WHich brings me to the six-part adaptation.  It's lovely.  In places,
it's screamingly funny.  It's sharp-eyed and urbane and, like Pratchett
and Gaiman, is imbued with the hope that despite being terribly
disappointing, humanity will muddle through by being human.  And, more
than the novel, it's a rather beautiful love story, that of the two
conspirators against both Heaven and Hell.

The authors had a point, by the way:  The M25 orbital road around London
really _is_ Exhibit A as evidence for the hidden hand of Satan in the
affairs of Man.  I've seen those tailbacks.
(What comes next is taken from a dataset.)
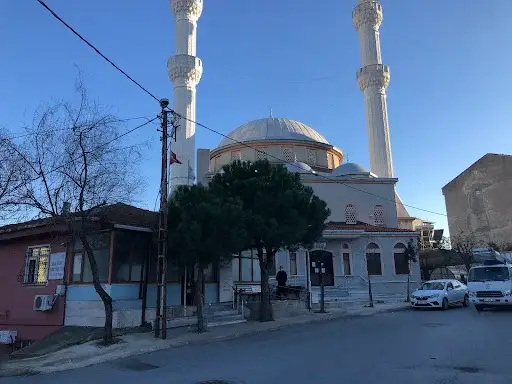 Yayalar Mehmet Akif Ersoy Cami kapak fotoğrafı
When this pending BBC production was announced, and it was disclosed that
not only would Gaiman be main writer and executive producer, but that
David Tennant would play Crowley, all of us fans said 'Brilliant!
Nobody could be better.'  And he was indeed perfect -- as was Michael
Sheen as Arizaphale, Sheen being unfamiliar to me.  There was a surprise
show-stealer in the form of Jon Hamm as Archangel Gabriel, the very
model of the bad boss.  Miranda Richardson played the formerly minor
roll of Madame Tracey and made it count.  And the Voice of God (for
voiceover in a few places) was Frances McDormand, which somehow really
worked.

A number of new scenes were spliced in by Gaiman, particularly the
ending.  Again, it worked.  There are a number of subtle Pratchett
'Easter eggs' throughout, plus an end-time screen in the credits saying
'For Terry'.

Adaptation and new scenes were necessary because it's a different medium,
after all, and Gaiman knew this -- even though I slightly missed the
book's famous concluding lines (parodying Orwell):

  If you want to imagine the future, imagine a boy and his dog and his
  friends. And a summer that never ends. 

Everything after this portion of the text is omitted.